On appearances alone, the prospect of Del Potro remaining competitive beyond three sets seemed negligible, yet he was still dangerous, still punching, still willing. When he held for 4-2, he fist-pumped determinedly, knowing the long haul would bring pain but perhaps glory. Both were now suffering, but in different ways.

Del Potro’s legs might have been screaming at him, but his strong right arm – the one whose wrist had collapsed and forced him into a long, dark struggle to get back to his best – was buzzing. And what heart he showed to wear down Murray with power and persistence in a long 10th game to take the set with a killer forehand into the deuce corner.

Now, after two-and-a-quarter hours, they could start again on level terms: best of three – like the disparate battles they had endured to get here. There was no obvious favourite; Del Potro’s demeanour had lifted noticeably, but Murray had that mean look about him when cornered. He charged Del Potro’s second serve at the end of the sixth game, forcing an error and break point, then yelled in delight when the Argentinian hit long.

Emboldened – or maybe fired by a mixture of anxiety and frustration – Murray began to press hard at the net, and was alive to every possibility for a quick kill. Gradually the careless shots lessened. The focus gradually returned, and he began to look way more comfortable than he had for at least an hour. Del Potro, simultaneously, started to fade – this time more dramatically than before, and Murray pounced. He rifled an unreachable forehand return off a tired second serve and the set was his.

The first set had lasted an hour-and-a-quarter, the second an hour and this one 36 minutes. The job was not getting that much easier, just a little more straightforward. If Murray could keep his foot on Del Potro’s throat for another half or so, the medal was his.

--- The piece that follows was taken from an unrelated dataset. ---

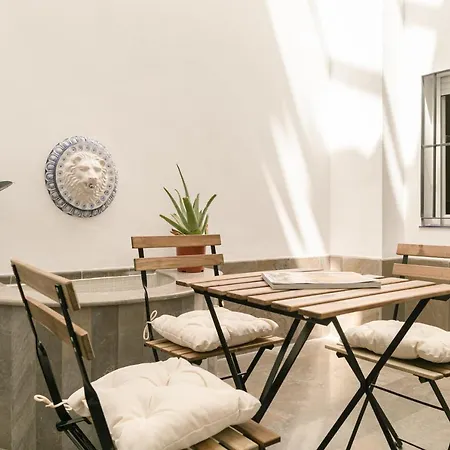 Isg Zaragoza-free Parking Daire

Small groups of Argentinian supporters began to slip away, in the manner of football fans resigned to their fate and keen to beat the traffic. One Argentinian was going nowhere, though. In a bizarre stretch of four consecutive service breaks, he went with Murray mistake for mistake, winner for winner. This was not a match to walk away from.

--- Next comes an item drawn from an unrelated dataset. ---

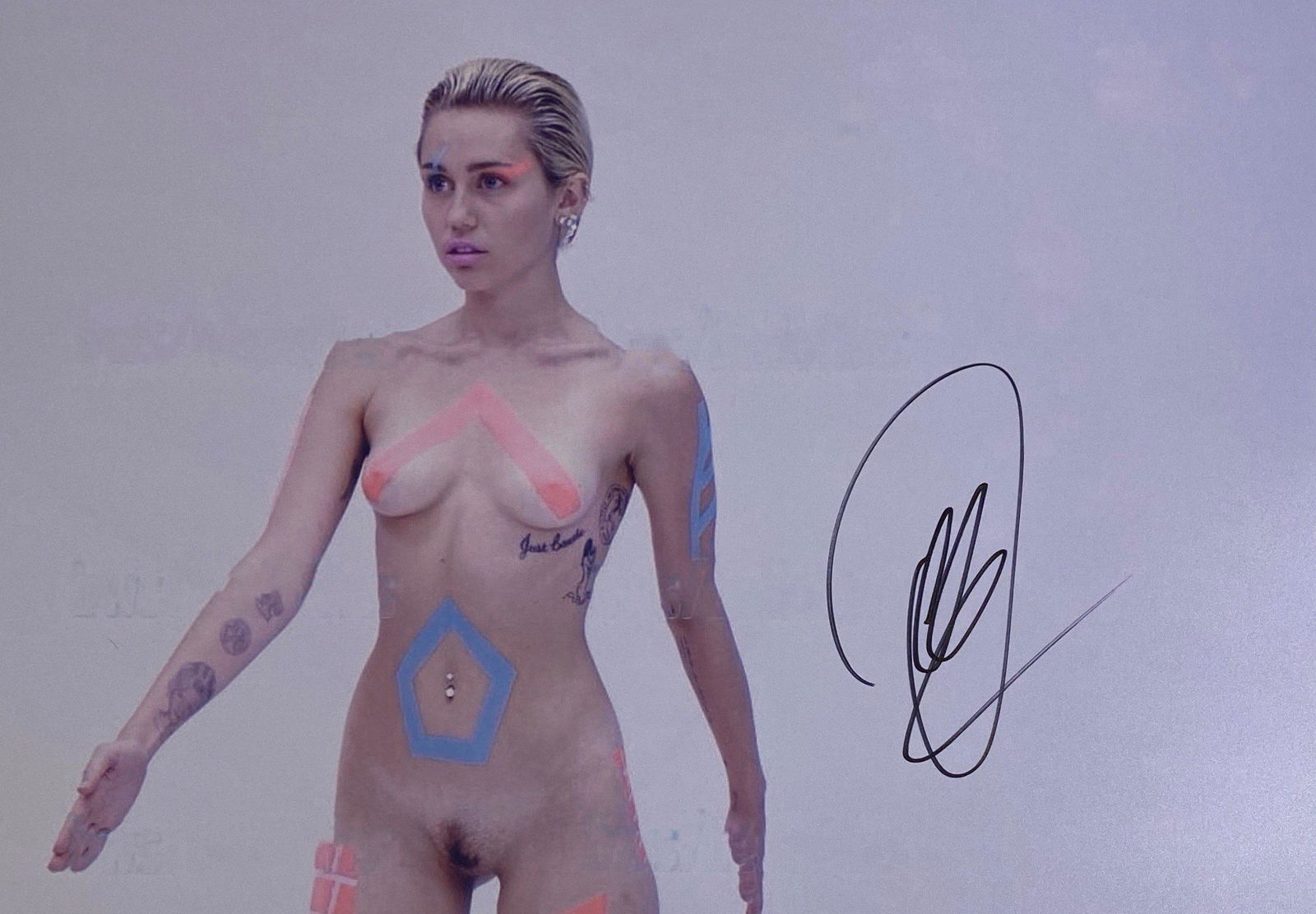 Autograph Signed  Miley Cyrus Photo (1 of 1)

Murray was the first to hold serve in this weird fourth set, but gambled needlessly at the net to hand Del Potro parity in the sixth game. Suddenly there was a spring in the big man’s step. He lured Murray into an injudicious lob, smashed it as if cracking a walnut to break again, and cries of “Argentina! Argentina!” whistled around the arena.

Serving to stay in the match in a long and tortuous 10th game, Del Potro looked utterly spent as he plugged the net with a closing backhand to hand Murray yet another reprieve.

At 30-30 in the 12th game, two points short of the medal, Murray faltered in the shot when someone shouted from the crowd. Soldiers led the miscreant from the fray at deuce. He was wearing a jester’s hat, and grinning like an idiot.

Murray got match point – and netted. Del Potro did likewise. Of course he did. They had been doing this all night. And then the show was closed. Del Potro found the net one time to many. The clown had gone. The players took their bows and embraced. Del Potro looked as if he might fall over if he let Murray go. They smiled the smile of champions who had given it all.